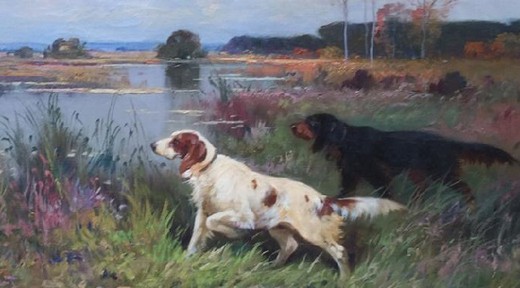Антикварная картина "Охотничьи собаки"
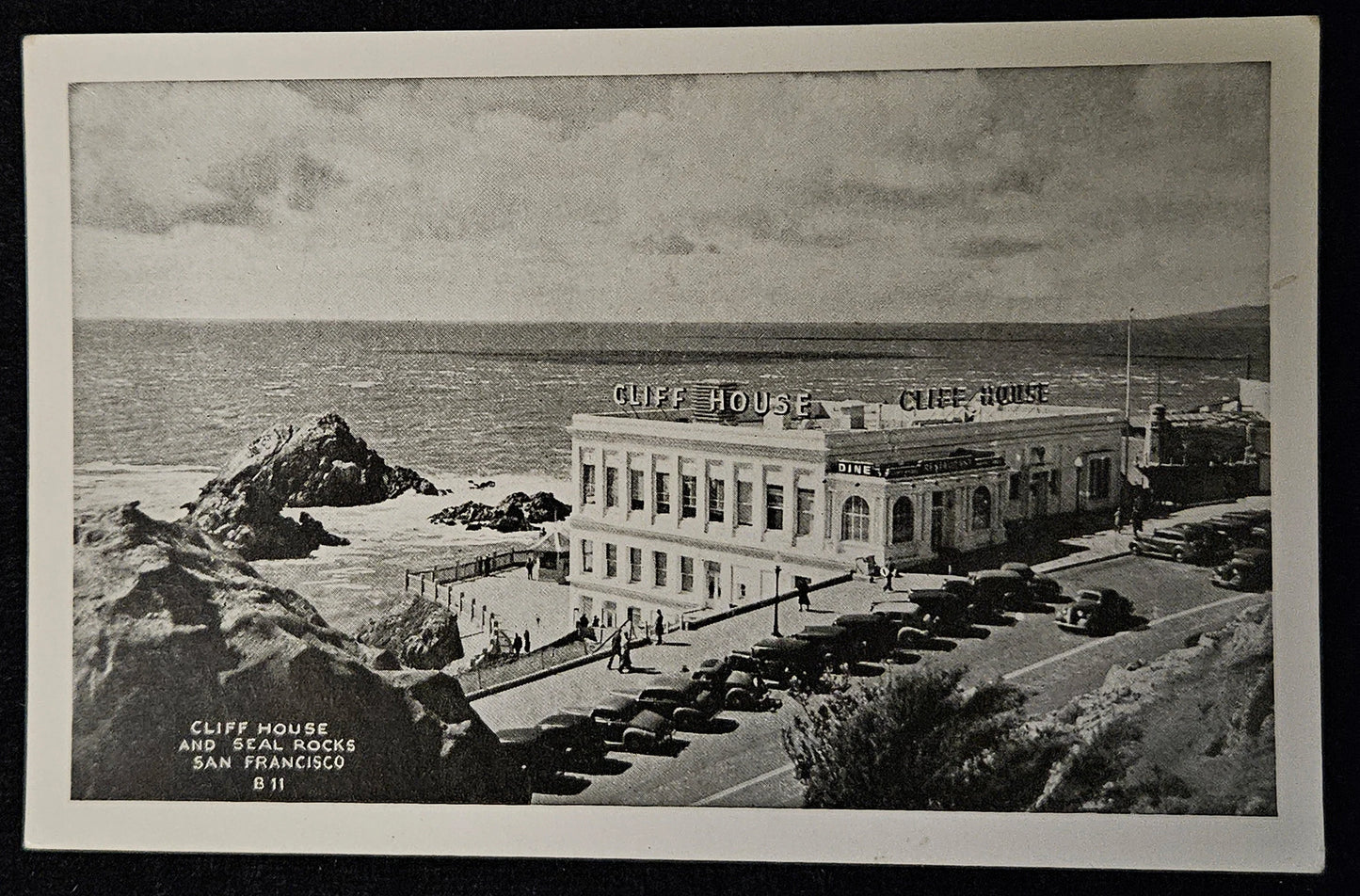 Cliff House - Seal Rocks - San Francisco, California - Vintage Black and White Postcard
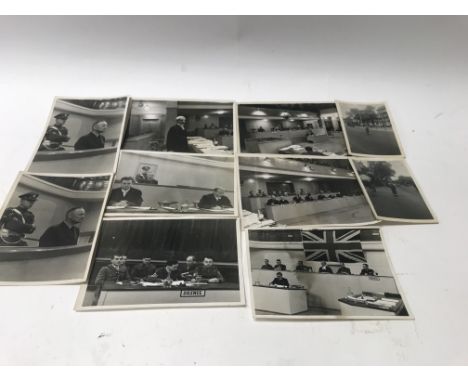 An interesting collection of photographs reportedly from the Nuremberg trials, where the vendors step father was a member of 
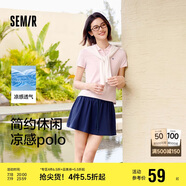 森馬（Semir）POLO衫女涼感抗菌修身襯衫2025夏刺繡休閑通勤套頭衫109325115001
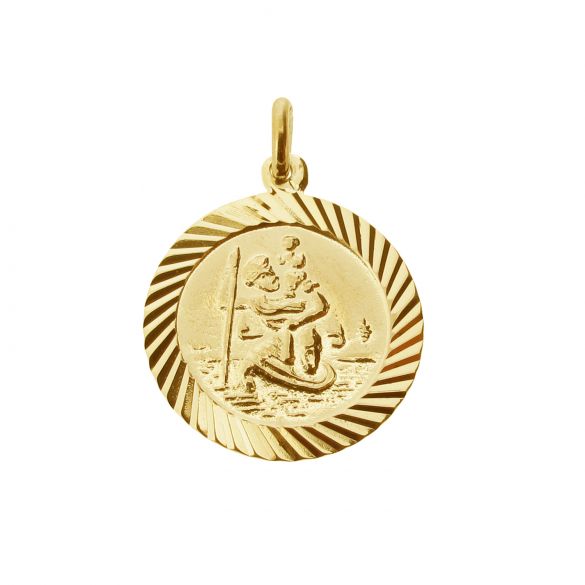 9ct Yellow Gold Plated 16mm Diamond Cut St Christopher Pendant With Optional Personalisation and Chain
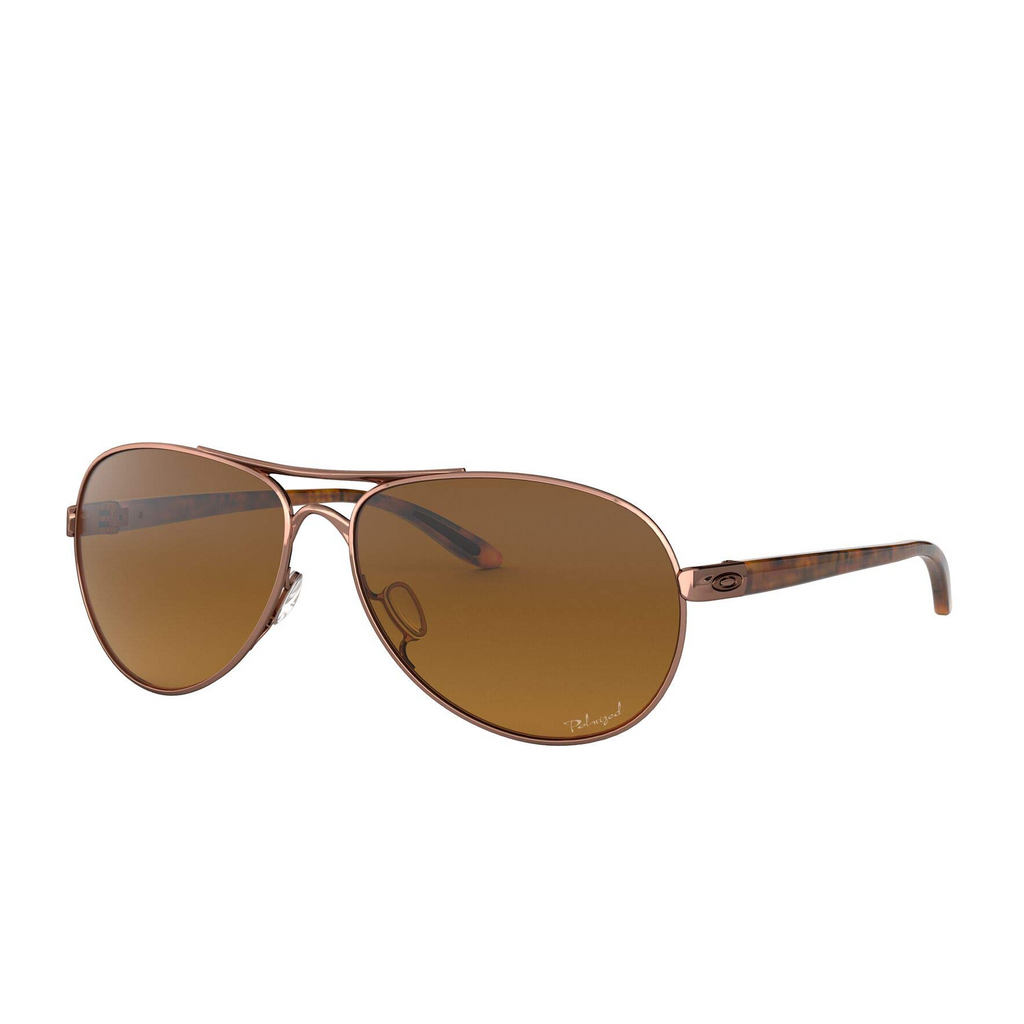[OO4079-14] Womens Oakley Feedback Polarized Sunglasses - Rose Gold/Brown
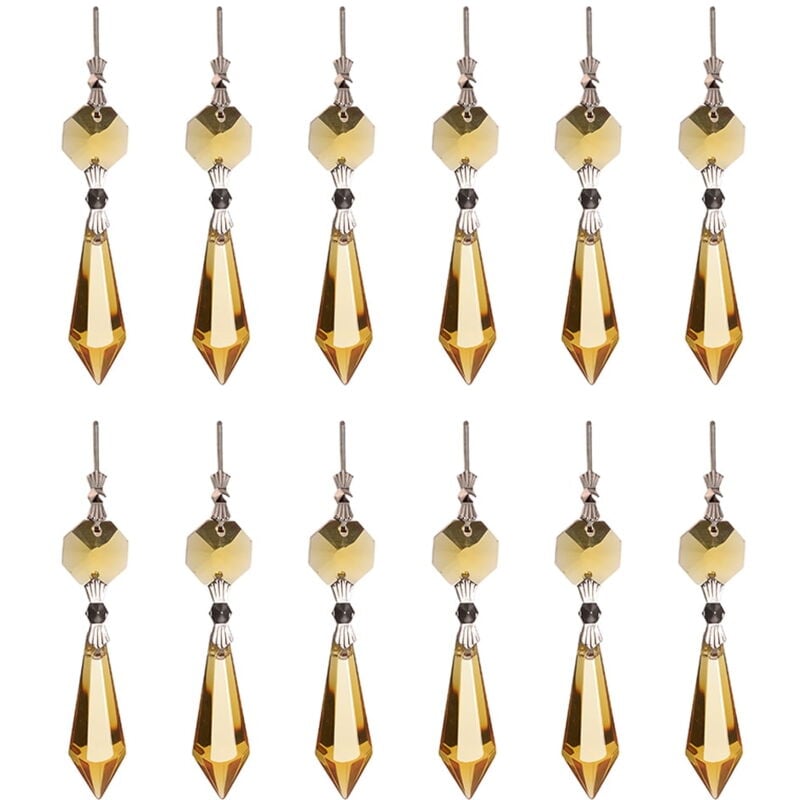 Lot de 12 lustres en cristal transparents, pendentifs et perles, guirlandes suspendues pour rideaux de perles, idéal pour mariage, maison, décoration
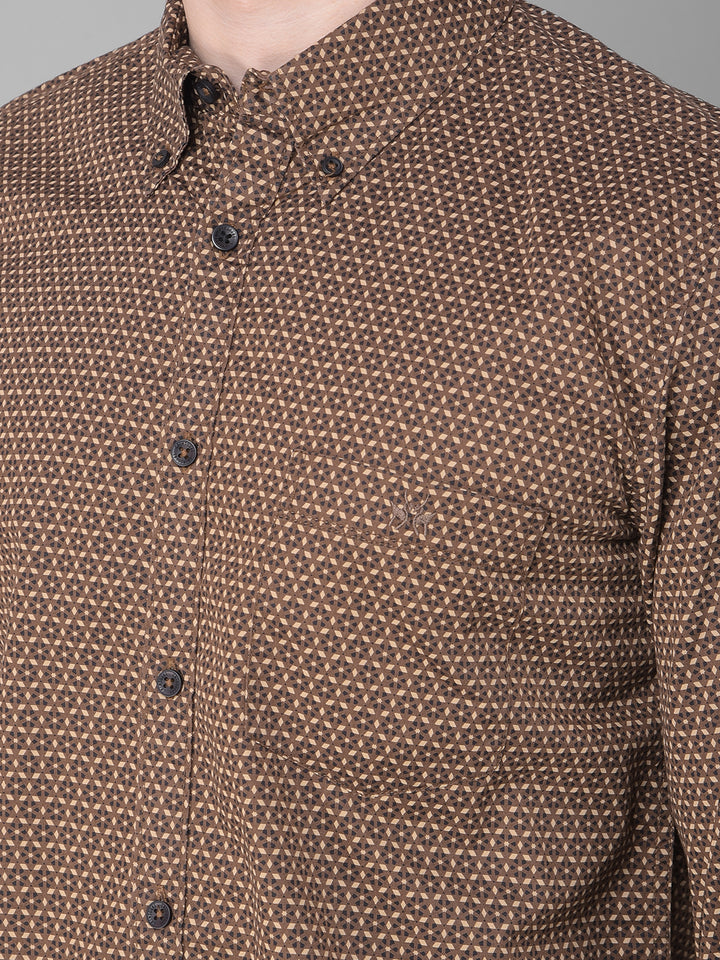 Brown Printed Shirt-Men Shirts-Crimsoune Club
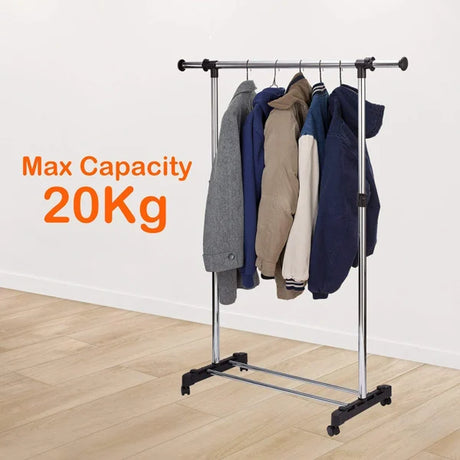 Silver Stainless Steel Telescopic Garment Rack with Wheels Portable Clothes Organizer for Easy Storage and Organization - Shop N Save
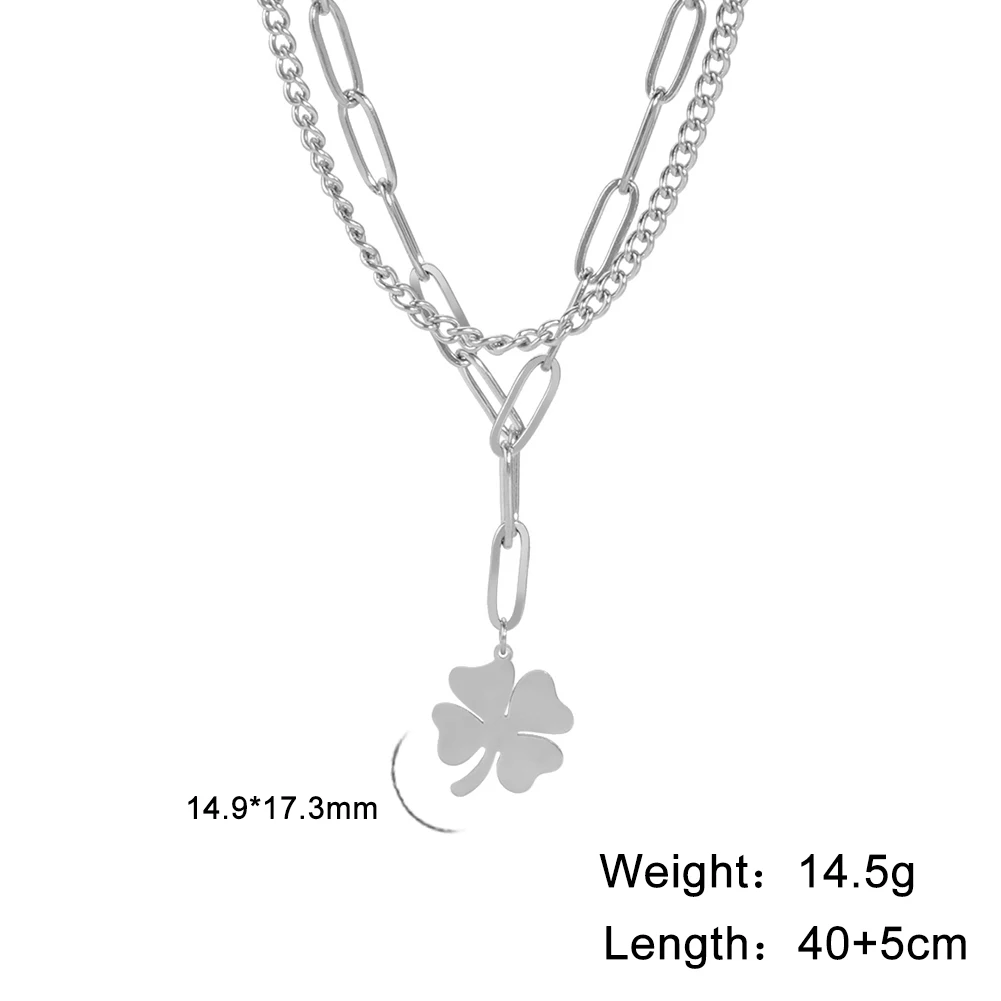 Kkjoy Edelstahl Pflanze Vierblättriges Kleeblatt Anhänger Halskette Mode Elegante Feminine Kurze Schlüsselbein Kette Halskette Schmuck – Detail 37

..............................

» Try it:
After removing the pictures, set down every record above exactly as it stands.

» Completed exercise:
Антикварная картина "Охотничьи собаки"
 Cliff House - Seal Rocks - San Francisco, California - Vintage Black and White Postcard
 An interesting collection of photographs reportedly from the Nuremberg trials, where the vendors step father was a member of 
 森馬（Semir）POLO衫女涼感抗菌修身襯衫2025夏刺繡休閑通勤套頭衫109325115001
 9ct Yellow Gold Plated 16mm Diamond Cut St Christopher Pendant With Optional Personalisation and Chain
[OO4079-14] Womens Oakley Feedback Polarized Sunglasses - Rose Gold/Brown
 Lot de 12 lustres en cristal transparents, pendentifs et perles, guirlandes suspendues pour rideaux de perles, idéal pour mariage, maison, décoration
 Brown Printed Shirt-Men Shirts-Crimsoune Club
 Silver Stainless Steel Telescopic Garment Rack with Wheels Portable Clothes Organizer for Easy Storage and Organization - Shop N Save
 Kkjoy Edelstahl Pflanze Vierblättriges Kleeblatt Anhänger Halskette Mode Elegante Feminine Kurze Schlüsselbein Kette Halskette Schmuck – Detail 37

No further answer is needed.